# pressure-treated lumber in garden



## rainbowgardens

I need advice about using pressure-treated wood in the garden. 
We are tearing down our old deck and I am eying some of the boards for cold frames.
I have heard of the evils of pressure-treated wood. Does anyone know how long the wood leaches out the chemicals? The wood is at least 12 years old. Does it wear off over time or is it a danger forever?
Is there anything I could use to seal off the wood to prevent the leaching that wouldn't cause a problem also?
I garden organically and wouldn't want to contaminate my soil.
Thanks


----------



## TechAdmin

I think in short there is not a consensus.
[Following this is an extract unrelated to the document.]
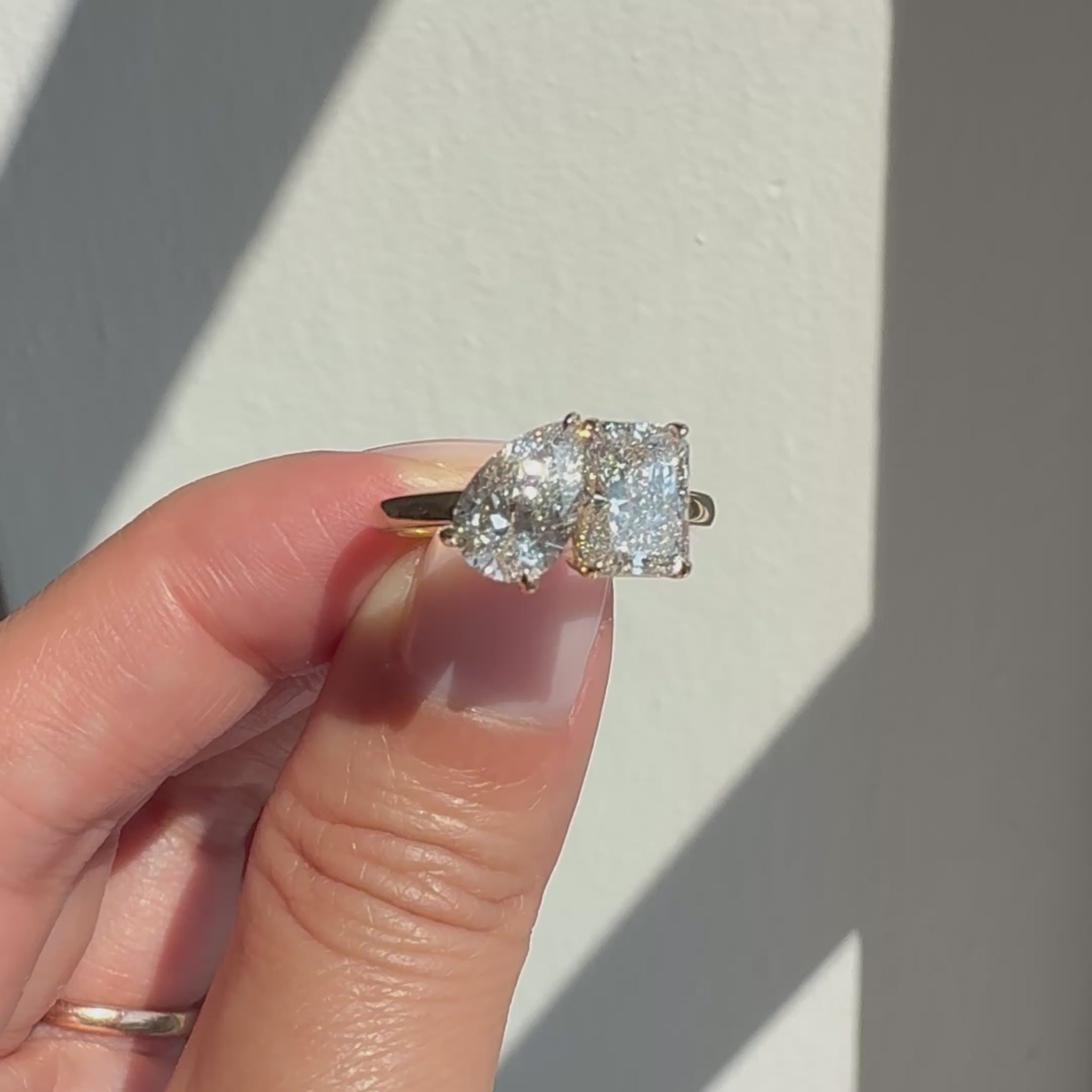 video of toi et moi gold ring with pear and radiant lab diamonds held in sunlight and sparkling as it moves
Good read; Does Pressure-Treated Wood Belong in Your Garden? - Fine Gardening Article


----------



## risabee

The pressure treated wood with which I am familiar (but then I am not young) came in three flavors: creosote, firex, and a greenish copper-based something. In all three cases there were chemicals that outlasted the wood and were harmful in soil or in the human body; the firex (which was manufactured to federal standards as fire-resistant) contained quite a lot of arsenic.
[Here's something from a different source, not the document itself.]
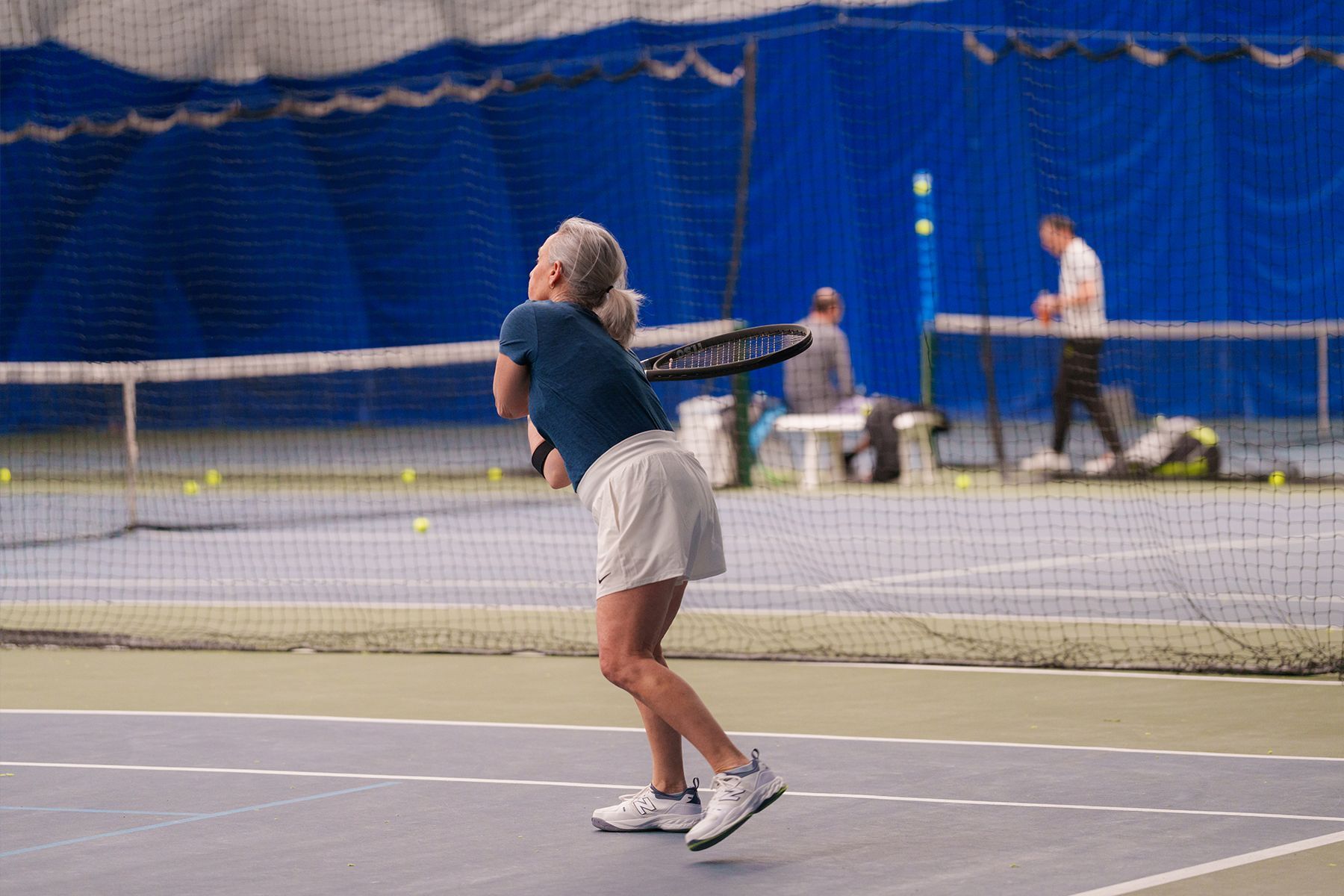 A woman is swinging a tennis racket on a tennis court.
We have never bothered with structural beds; we throw mulch everywhere in the garden, call it "sheet-composting;" and where we want pathways we fork the top layer of mulch from that over onto the "beds" and there you are -- a raised bed.

This year we are making new beds on a quarter acre of sod by laying out the beds with string, covering the sod in the beds with cardboard and newspapers and hiding that under eight inches of hay, straw, leaves, and compost. After a year or so the beds are ready to plant as worms eat up the grass rhizomes and cardboard and aerate the soil. 

The paths remain in grass and are mowed and the clippings scattered over the beds. Clippings should not be too deep or they will slime anaerobically. 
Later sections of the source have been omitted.